Two years ago, I spent Christmas in the city, away from all of my family. I worked a double shift at the restaurant on Christmas Eve and got out just in time to hear the midnight bells ring from neighboring cathedrals. I took the long way home that night, walking past Rockefeller Center. I had been so busy that fall, working to merely make ends meet, that I’d completely lost touch with the holidays. I stopped at the infamous Rockefeller Christmas tree and swallowed my tears. I felt like the little boy in Home Alone 2, except my mother wasn't going to come running up from behind to surprise me. It was just me and that giant pine tree, the hundreds of spectators fading into the watercolor of my dripping mascara. In that moment, I learned to hate Christmas for all of its commercialized glory—for letting me down, for the homeless freezing in the cold as we rush by in the subway, and for its fading magic that will seemingly never be reignited. There was no miracle on 34th street that year, or last year. Sure, I've posted some pictures on social media that would suggest otherwise, but my fake Christmas joy has all run out. My engine is on E, I have depleted my resources for caring, and the mask has hardened and cracked.

This year, I would like to celebrate the birth of Jesus in a cocoon of my feelings. I am grateful for all that I have, including a God who loves me in spite of my anxiety and depression. I would like to honor Jesus and God without mistletoe, wreathes, pine trees, and shiny plastic balls. I’m not trying to fix my mental health state this year, pretending to enjoy your tragic renditions of “O Holy Night,” all of which are inferior to Mariah Carey's.
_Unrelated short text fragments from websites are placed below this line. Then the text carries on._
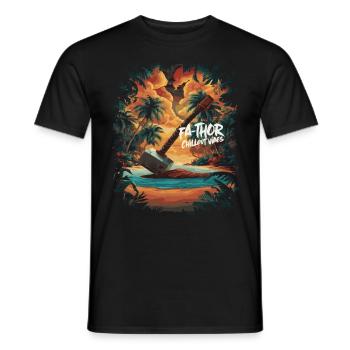Fa-Thor Chillout Vibes – Entspannen wie ein Gott - Männer T-Shirt - Schwarz - Vorne - AI Model Male 178 light (178cm)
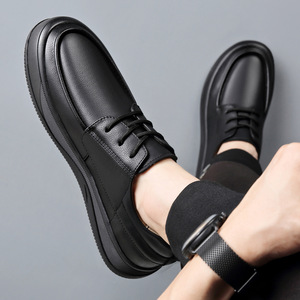 Chaussures décontractées en cuir à lacets pour hommes, marron, talon bas, couleur unie, style bateau, lacets avant, semelle adhésive, style jeune - Product Image 4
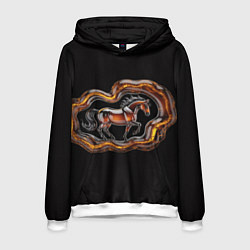 Толстовка-худи мужская Стилизованная бегущая янтарная лошадь, цвет: 3D-белый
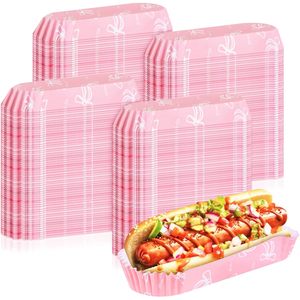 Bandejas de Papel Kraft Desechables Compostables Rosas Antigrasa con Forma de Barco Largo para Hot Dogs, Salchichas y Sándwiches - Product Image 2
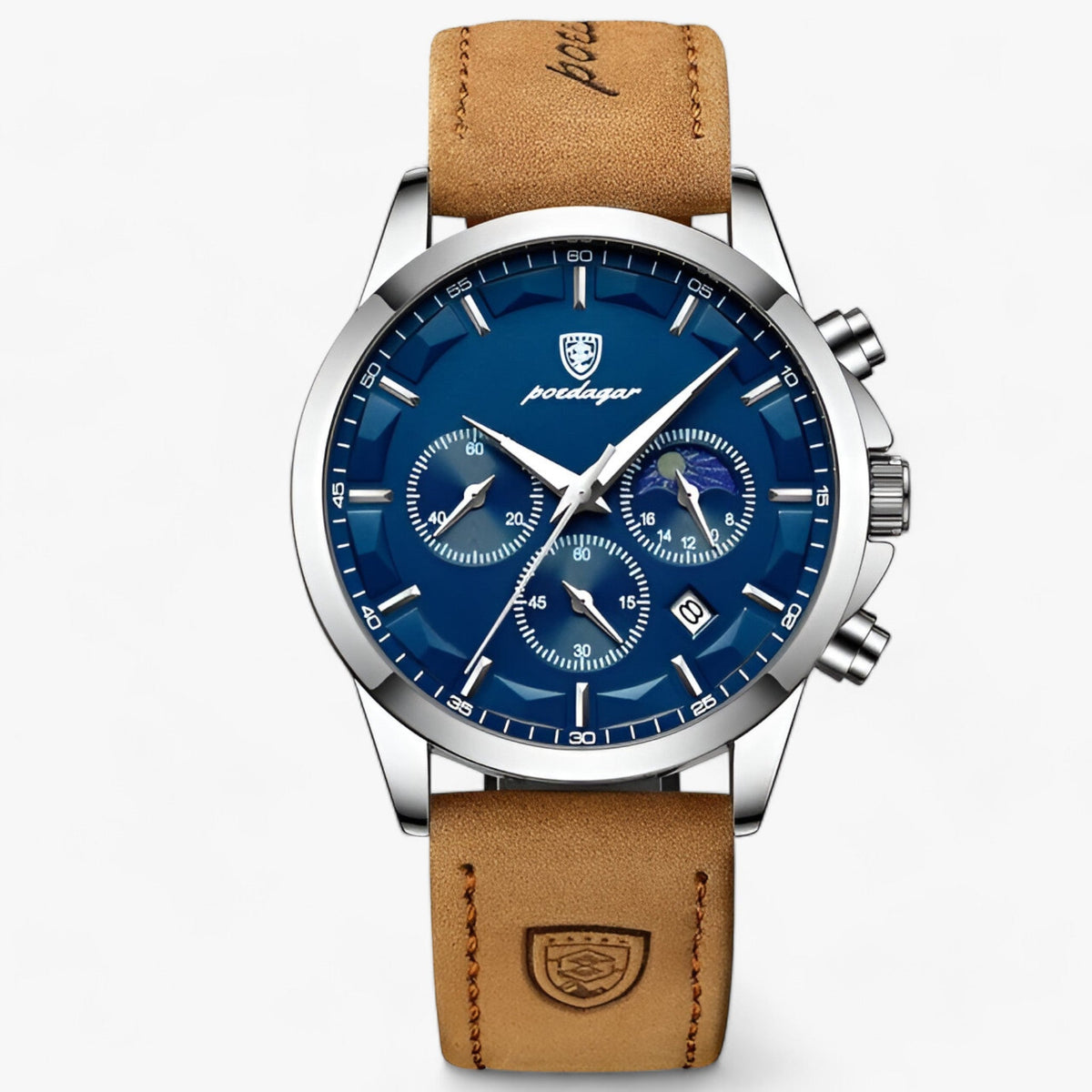 Chronograph Watch Titanium Steel Case Water-Resistant Luminous Hands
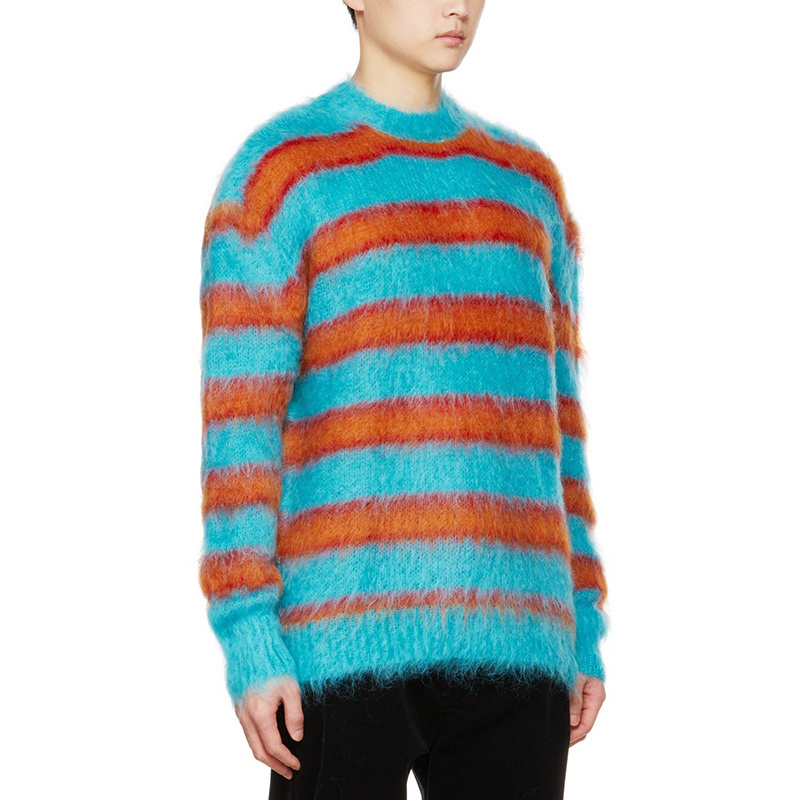 Custom OEM & ODM men mohair sweater Long Sleeve Knitted men fuzzy crew neck knitwear winter Striped mohair knit sweater for men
I just want to enjoy the greatest gift of all this year—the gift of life— in the (dis)comfort of my cold hotel room, sipping spiked cider, and NOT posting pictures on Facebook of my fake happiness. I’m a Grinch who doesn't aspire to steal your Christmas joy, but yearns be honest and transparent about the lack thereof, and to tell the world that it is okay. It’s okay to be sad during the holidays and to let others know how you really feel. The less you put on, the more sincere and genuine you’ll be. I don’t desire for others to feel sympathy for me, but I do hope that they respect my disposition and not guilt trip me with that “Jesus is the reason…you should at least be glad about that” rhetoric. I already find myself scolding my inner demon for being ungrateful...I don't need help with that. My wish this Christmas is to be a better person. Can Santa bring me that? Mostly, I want to love God, celebrate Jesus, and walk in my purpose. I don't need you to gift me an ugly Christmas sweater for that. I want to create new traditions, such as feeding and clothing the homeless instead of roasting nuts on a fire. Of course I yearn to rediscover the joy of the holiday season; but tonight, I'm taking this giant sleeping pill, feeding my alcoholic appetite with a nice red blend, hoping to pass out until I have to mask my face for my matinee performance tomorrow. So cheers, folks. Merry Christmas...or whatever.